Rural Intersection Safety for Autonomous and Connected Vehicles (CTS)

Principal Investigator

Co-Investigators

  • Brian Davis, Associate Director, Human Factors, Mechanical Engineering

Summary

Ensuring safety at intersections remains one of the most critical challenges in autonomous driving, given the complex interplay of vehicle trajectories, unpredictable behaviors of human drivers, and ambiguous right-of-way rules. This report investigates the use of Control Barrier Functions (CBFs) as a rigorous control strategy for guaranteeing collision-free behavior in such environments. Wireless information from the intersection on the trajectories of cross-traffic vehicles is assumed to be available. Through extensive testing in MATLAB and high-fidelity CARLA simulations, we demonstrate that CBF-based controllers can robustly enforce minimum distance constraints and adapt to dynamic cross-traffic conditions in real time.

The core technical contributions of this work include the formulation of both reactive and predictive CBF models, implemented as Quadratic Programs (QPs) that modify nominal acceleration commands to maintain safety. These simulations account for measurement noise, uncertainty in cross-traffic behavior, and realistic sensing constraints.

To complement the simulation efforts, a real-world proof-of-concept was conducted using the MnCAV research vehicle equipped with GNSS-based position control and a radar-powered intersection monitoring unit that transmitted simplified intersection status updates via XBee radio modules.
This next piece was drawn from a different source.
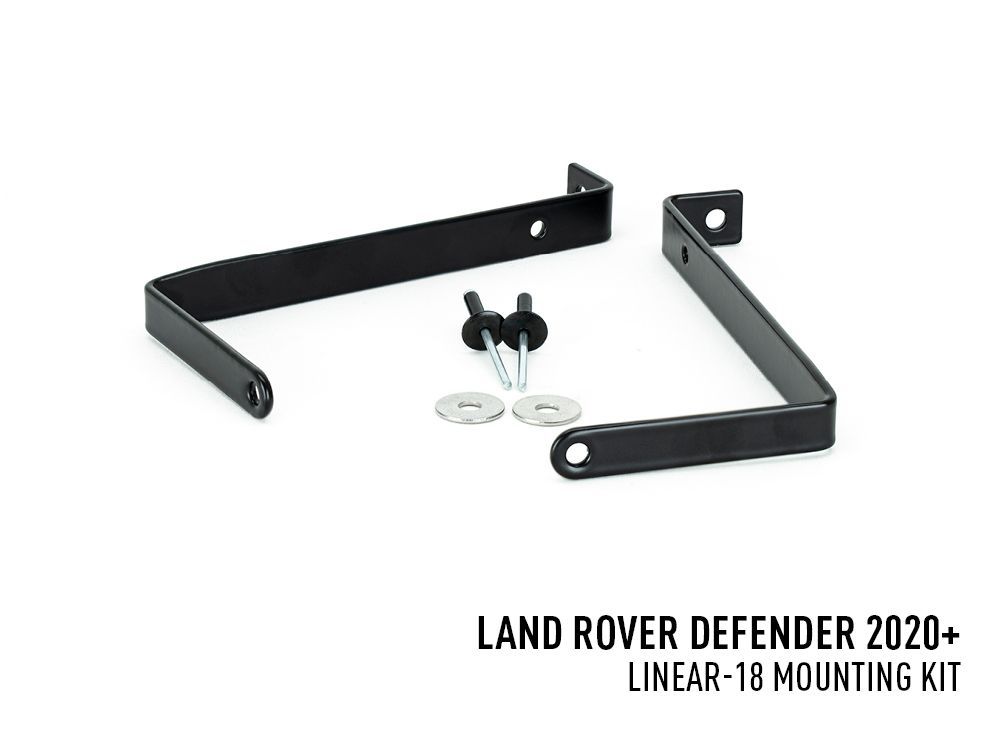 Lazer Lamps Land Rover Defender (2020+) Linear-18 Mounting Kit PN: VIFK-DEF2020-02K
While the CBF controller was not deployed onboard during these field tests, the experiments served to validate system behavior under simplified intersection conditions and highlight the feasibility of infrastructure-assisted intersection safety.

This layered validation approach from simulation to experimental deployment offers a promising roadmap for advancing safety centric autonomous vehicle technologies at intersections.